I managed to get myself to a fairly decent proficiency with the software, by reading online tutorials and following the steps, and by watching videos posted by other budding Photoshop amateurs and professionals. I taught myself how to use Final Cut, so I could edit videos and I learned some basic InDesign techniques, to arrange my posters. Now I'm at a stage where I can make posters which I can hang on my walls at home, like this


and I can make the posters I've needed for student performances.


 and I can edit and produce videos, (even if only to a fairly basic standard).


So as well as getting myself the skills I needed for my own creative outputs and without realising it at the time, I was giving myself invaluable skills that I would be able to use in my professional career later. In fact, I have actually managed to get myself jobs off the back of these skills (I worked as a secondary school drama technician for a while in which quite a bit of my time was spent video editing and photoshopping) and I continue to use these skills on a weekly basis.

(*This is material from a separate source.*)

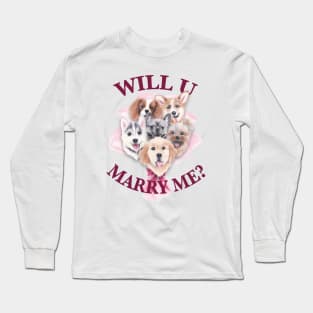 Puppies Proposal Long Sleeve T-Shirt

For that group of students, they could have spent their time over the vacation doing something else, making stupid videos, or even not at all, but instead they chose to do something else...
As well as producing something of real artistic value, as well as developing their own styles and techniques, they are actually independently advancing their own learning and setting themselves up with skills that they will be able to use for the rest of their lives.

So, time wise, that's time wisely spent!